Tshering Lham sang a mournful lament in an ancient Tibetan dialect about a homesick princess who had to leave China to live with a king in Tibet.
Both judges give her six out of 10.
“You have a good voice, but you are not staying in tune,” said Ugyen Tshering.
The show is run under a complex system that mixes judges’ scores with cellphone text votes to whittle the 25 singers down, awards immunity to popular ones, lets judges save some voted off and throws two new “wild card” singers into the mix halfway through the season.
Though there are no weekly ratings, the show receives 70,000 to 80,000 text votes at 5 ngultrum (ten cents) a vote every week, Dorji said. It has sold thousands of cassettes and DVDs, inspired its own copycat show and been praised by the prime minister in Parliament for restoring Bhutan’s dying musical heritage.
“It’s the only entertainment we have in Bhutan,” said 16-year-old Gyelwa Kuenzom. “We are learning from it, the traditional songs, it’s really enjoyable.”
Nearly all 900 monks in Tsheten Dorji’s monastery watch the show.
“Wisdom is given by the words of some songs,” the 29-year-old monk said.
“Bhutan Star” is only one part of an all-out scramble to protect the nation’s culture.
Filmmaker Karma Tshering twisted another foreign import, the beauty pageant, to revive interest in old Bhutanese textiles. His Miss Bhutan contestants don’t model swimsuits, but outfits from the 1800s borrowed from a museum as they answer questions on culture, language and traditional Buddhist manners.
The government, with its law requiring traditional dress in public widely flouted, has turned to the schools to win back the next generation, overhauling the curriculum to emphasize culture, religion and the environment, said Powdyel, the education minister.
Students now start the day with a two-minute exercise in Buddhist mindfulness, folding their hands in their laps, closing their eyes and clearing their heads of Facebook friends, Twitter messages and other distractions.
“What is modern is always more tempting and even more aggressive. It might not necessarily be more authentic and fulfilling,” Powdyel said.
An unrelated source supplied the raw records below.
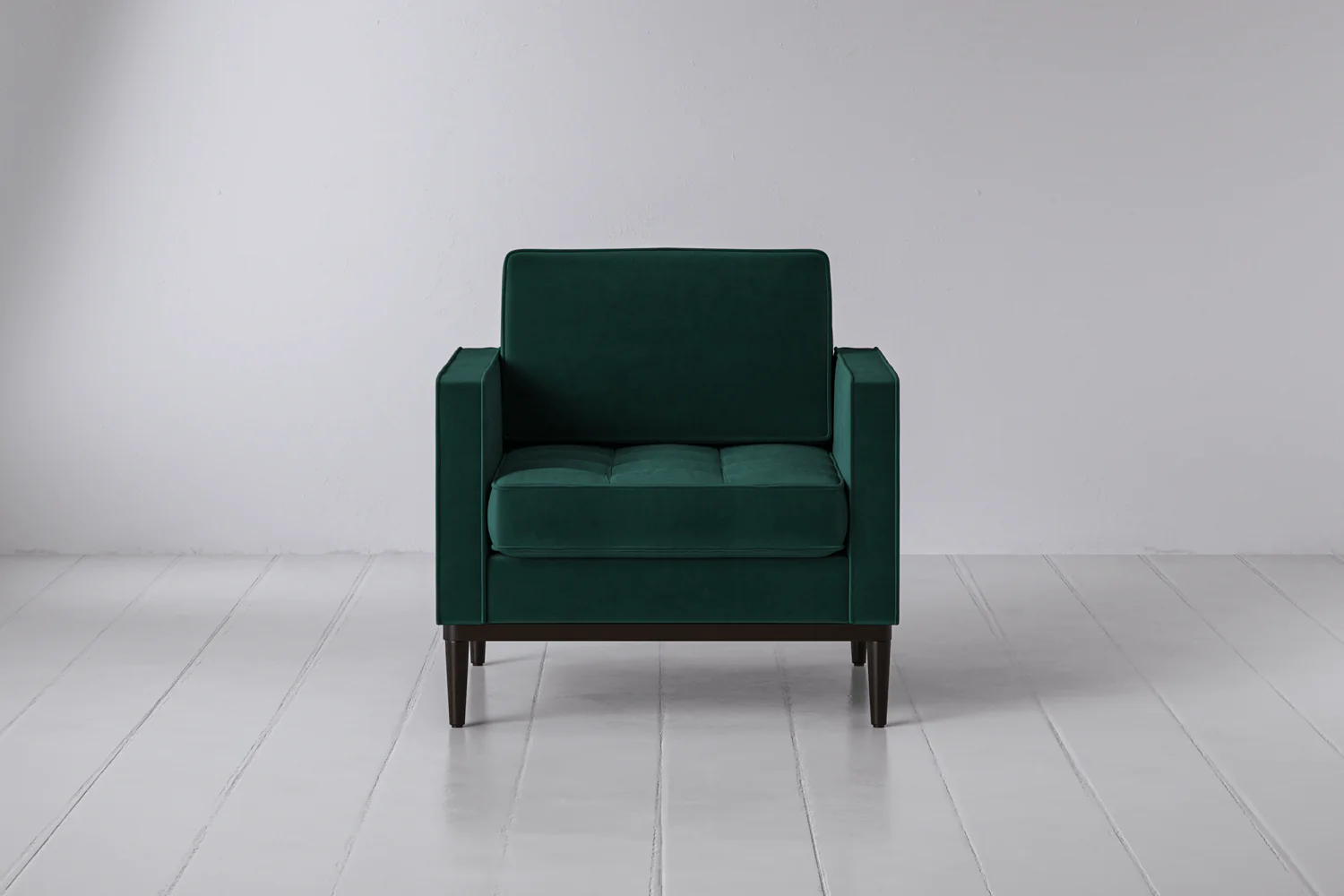 Model 02 Armchair (CRIB5) - Image 22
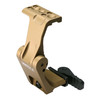 Unity Fast Omni Magnifier Fde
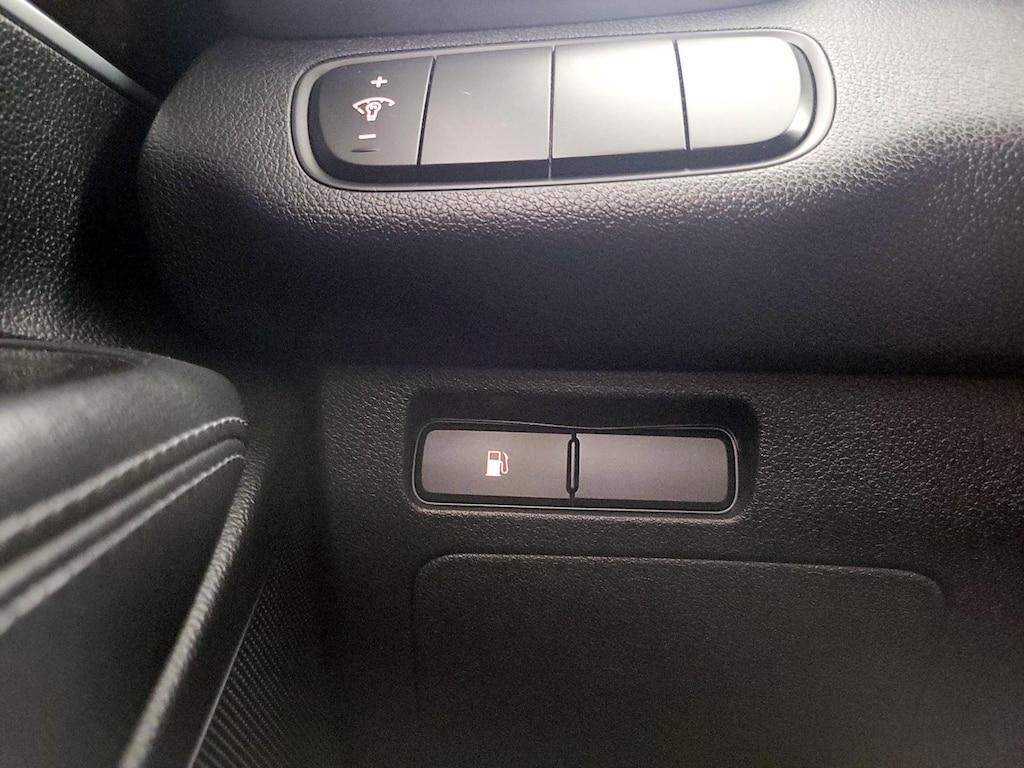 used 2016 Kia Sorento car, priced at $13,998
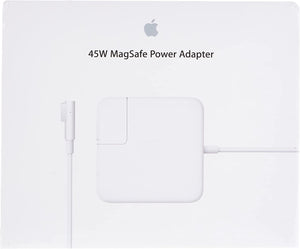 محول طاقة Apple MagSafe بقدرة 45 واط من Apple OB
At Lung Tenzampa Middle Secondary School, principal Kinley Pem said it’s working: Many children have traded in their Nike book bags for traditional woven ones. Those with long, gelled hair and blonde highlights acceded to haircuts that were not exactly forced on them, but were the result of intense pressure.
“We were happy that we could get them back to the culture,” she said.
But Pem was ambivalent about TV. “The children, they learn a lot. They are very expressive, confident,” she said, crediting foreign shows. On the other hand, “they want to be like the Koreans.”
“Bhutan Star” is making at least a small dent in that, said Kheng Dema Wangchuk, 25, a contestant on an earlier season of the show who now plays in its classical band.
Audiences for his traditional gigs in local clubs have tripled as Bhutanese realize pop tunes are only popular for a month or two, while classical songs last for generations, he said.
Yet Dorji, the producer, constantly struggles with the delicate balance of bringing his audience back to its cultural roots while still keeping it entertained.
While crimson robed monks sat beside parents in traditional dress at a recent “Bhutan Star” concert at a packed amphitheater, at least half the crowd wore Western clothes as they listened to a cover version of Cee-Lo’s U.S. pop hit “Forget You,” playing from the speakers before the show.
And while the contestants wore traditional dress, they sang only modern rigsar music; Dorji said the crowd was in no mood for education.
“If we played classical music,” he said, “this place would clear out.”